Archive for the 'Full-text Search Engine' Category

PHP full-text search engine

May 24, 2006 in PHP, Full-text Search Engine

After intensive research on full-text search engine for PHP, I found the following solutions if I want to use CakePHP as the main underlying framework.
Utilize Java Lucene by using a PHP JAVA Bridge

This is quite challenging. The performance seems promising, but it does look complicated. Basically we will have to develop the indexing with Java and process input/display results with PHP. Now… will I wanna do that?

Pros

  • You can use a unported Apache Lucene
  • Tons of resources on using Lucene
  • Can upgrade Lucene libraries and use it.
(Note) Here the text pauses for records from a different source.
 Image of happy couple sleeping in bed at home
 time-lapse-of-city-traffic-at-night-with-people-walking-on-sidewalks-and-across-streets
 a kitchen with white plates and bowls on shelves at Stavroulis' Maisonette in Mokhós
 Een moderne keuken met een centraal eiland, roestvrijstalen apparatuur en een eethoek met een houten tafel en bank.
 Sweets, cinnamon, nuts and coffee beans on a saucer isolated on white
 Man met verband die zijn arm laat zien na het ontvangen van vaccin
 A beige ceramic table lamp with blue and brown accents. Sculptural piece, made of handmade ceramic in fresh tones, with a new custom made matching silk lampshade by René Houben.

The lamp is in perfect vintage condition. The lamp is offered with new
Rather than waiting for the ported version to be fix

Cons

  • Complicated
  • Too many technologies to master

Zend Framework integration with CakePHP

The strong point of Zend Framework is the ported Apache Lucene, the zend_search_lucene library. That’s about the only thing I like about Zend Framework, that’s why I might wanna integrate this zend library into CakePHP, this tutorial about using zend lucene looks familiar enough.

Pros

  • Those who used Apache Lucene before will feel like home
  • Lucene IS the best Java full-text search engine out there

Cons

  • Works only in PHP5, CakePHP works on both PHP4 and PHP5. The integration will kill one of CakePHP’s strong point
  • Have to learn another framework. We had enough right?
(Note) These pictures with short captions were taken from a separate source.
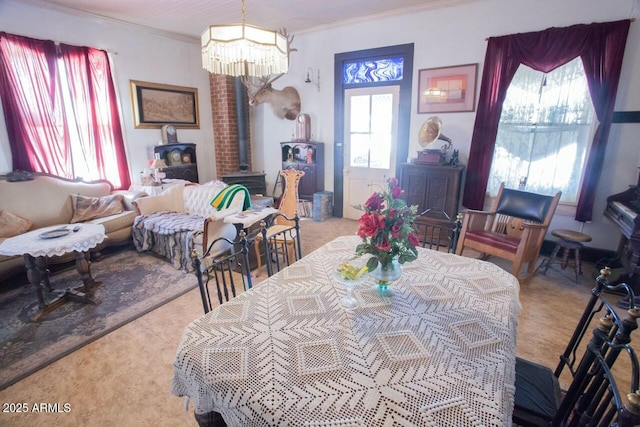 dining area featuring a notable chandelier and crown molding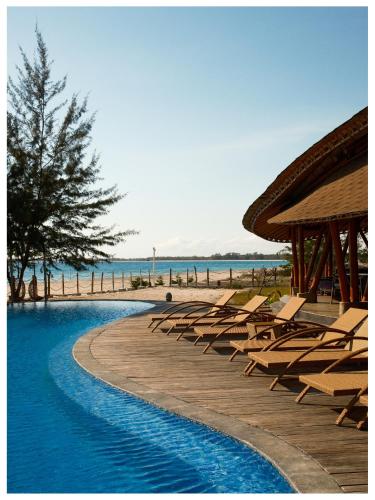 a swimming pool with lounge chairs and the beach at Tanoma Sumba in Maujawa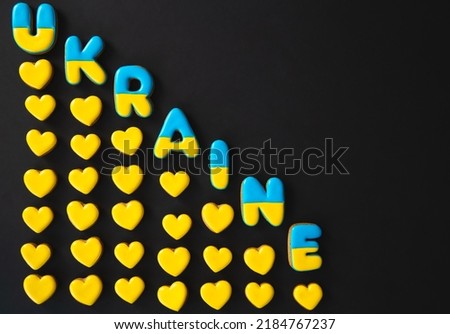 The word Ukraine on a black background, made with handmade gingerbread.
MySQL full-text searching capabilities

MySQL has a built-in full text search feature. This article here has some information about it. But I would need to write MySQL statements rather than using CakePHP ActiveRecord pattern, and the application would be MySQL database-dependent.

Pros

  • Should be quite fast, since it is a native MySQL operation
  • Can be converted to a plugin for various framework

Cons

  • Will be lock down to MySQL
  • Building a search engine is not a fun task

Xapian using PHP-Binding

Xapian looks promising as well. I think the performance of Xapian should be quite good as it is programmed with C++. I can’t comment much on this. You guys might wanna check it out and probably help me out.

Solr

I just found this a minute ago. Solr is built based on Lucene by CNET Networks who donated the source code to Apache. The unqiue feature of Solr is the XML/HTTP APIs and it is actually a server! So you can have a Java application… a PHP application or any type of application which is capable of handling XML, all of those application can access Solr. This looks like a good solution, but I am a bit worried about the security of transfering XML between servers. I will keep an extra eye on this one.